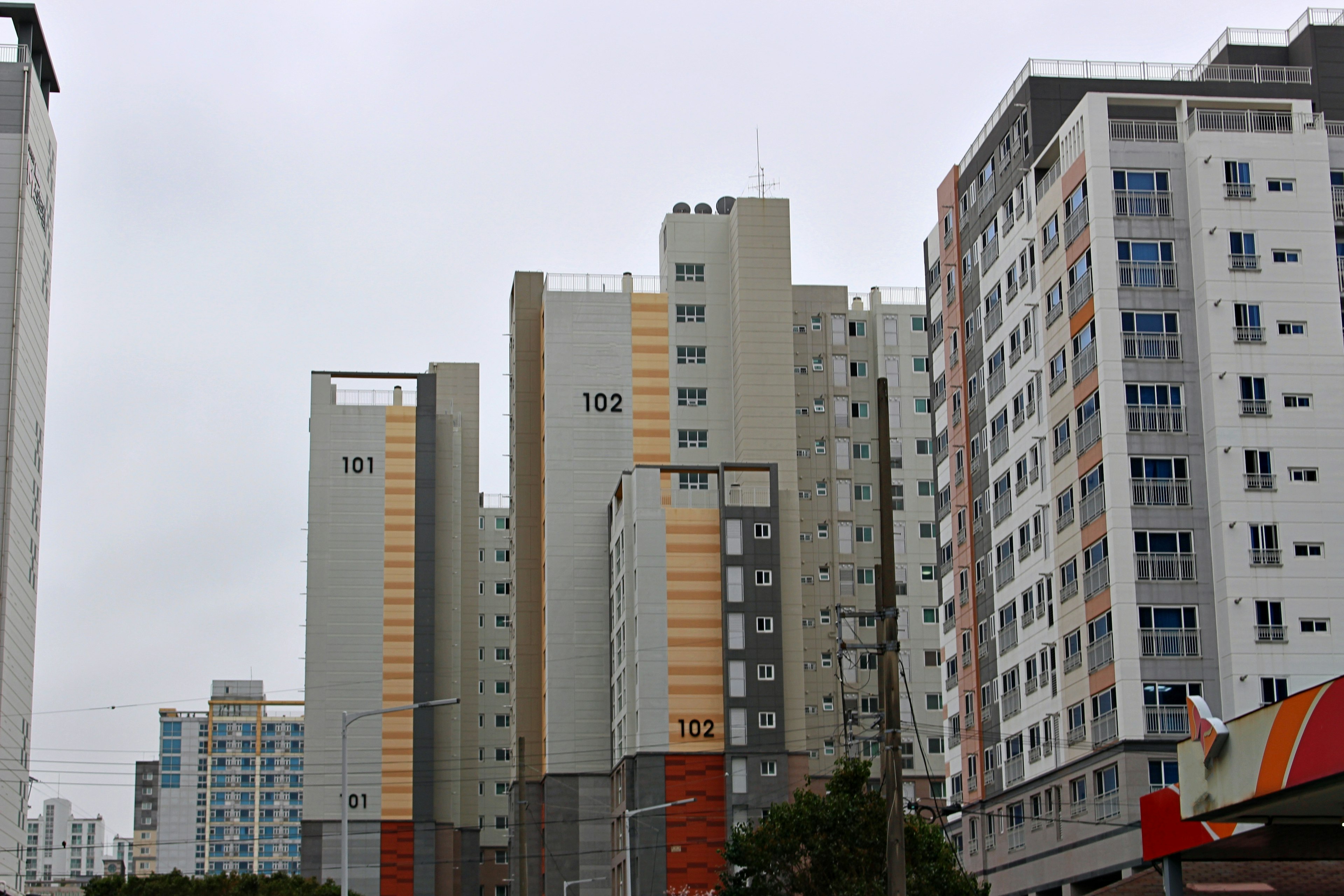 Paysage urbain avec des immeubles sous un ciel nuageux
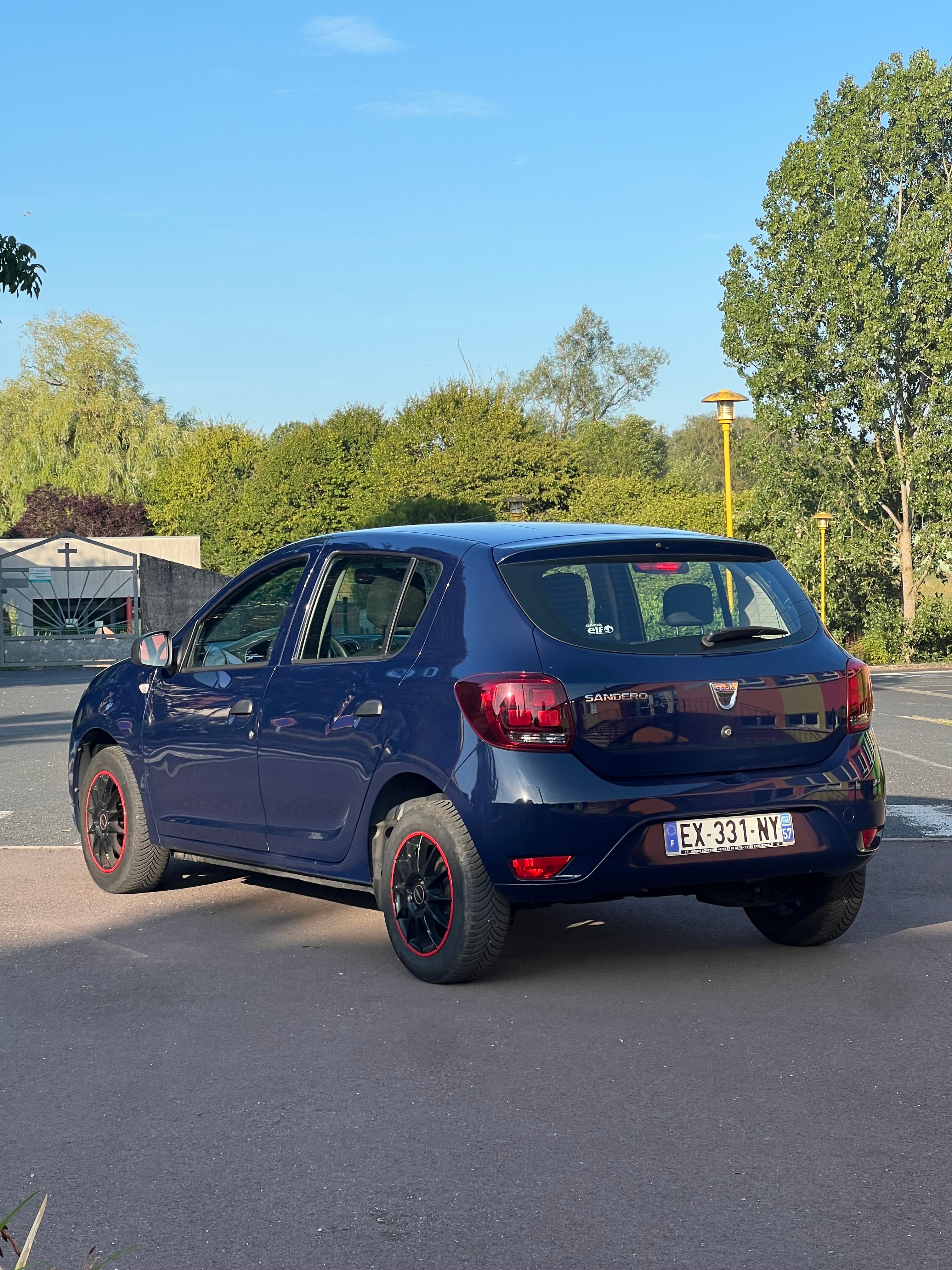 Dacia Sandero 0.9 sce avec Port USB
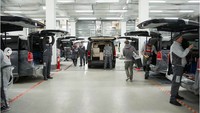 A1Tuning ini menyediakan menyediakan beragam modifikasi interior buat Mercedes-Benz V-Class ini seperti V-VIP, Business Jet, Chairman, V-Comfort (konfigurasi 4 bangku di bagian belakang). Foto: doc. Instagram Khabib Nurmagomedov
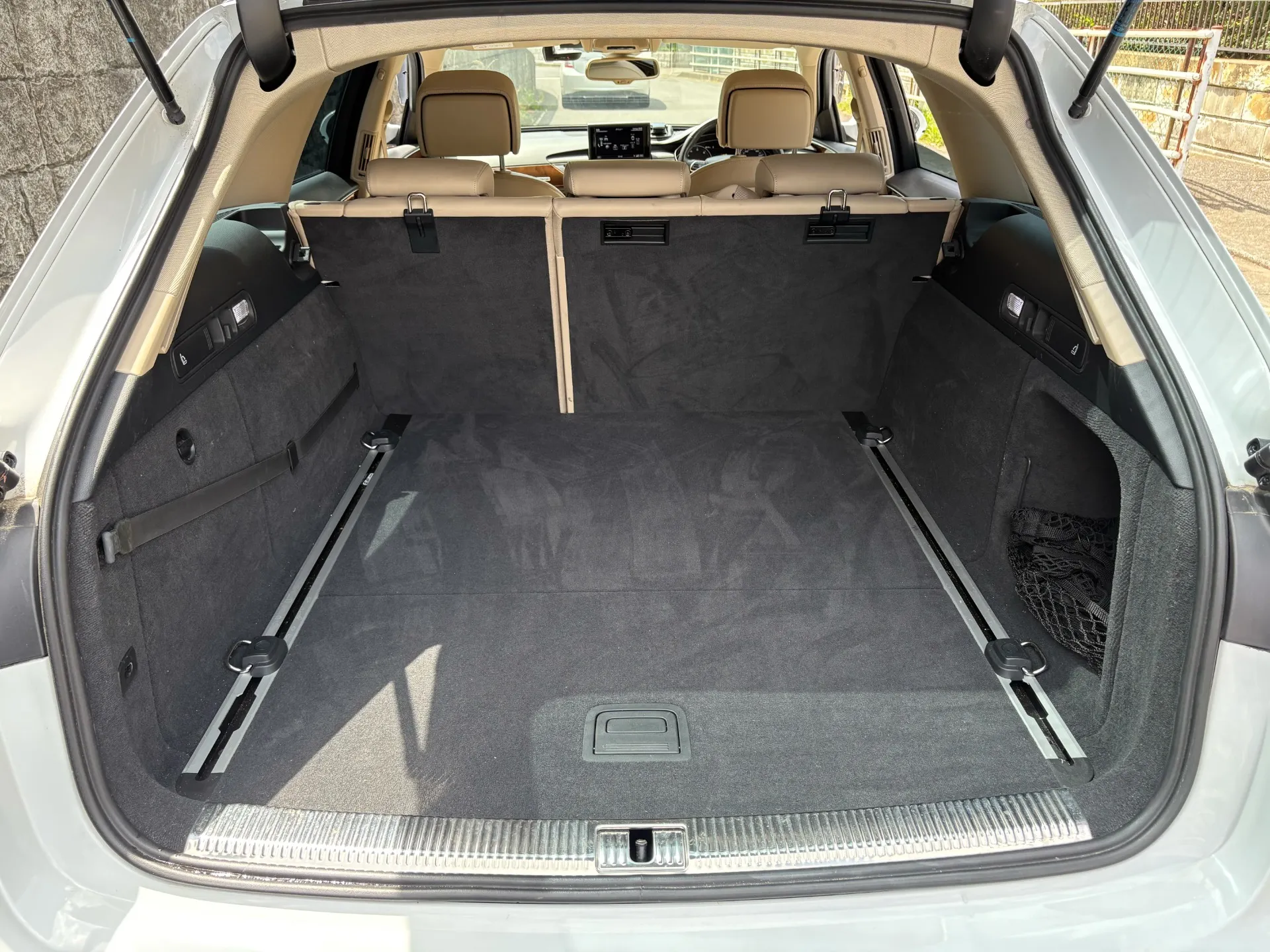 A6アバント2.0クワトロ（4G後期）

- Required work:
From the first line to the last, write out the data above exactly. Omit the pictures.

- Output of the exercise:
 Paysage urbain avec des immeubles sous un ciel nuageux
 Dacia Sandero 0.9 sce avec Port USB
 A1Tuning ini menyediakan menyediakan beragam modifikasi interior buat Mercedes-Benz V-Class ini seperti V-VIP, Business Jet, Chairman, V-Comfort (konfigurasi 4 bangku di bagian belakang). Foto: doc. Instagram Khabib Nurmagomedov
 A6アバント2.0クワトロ（4G後期）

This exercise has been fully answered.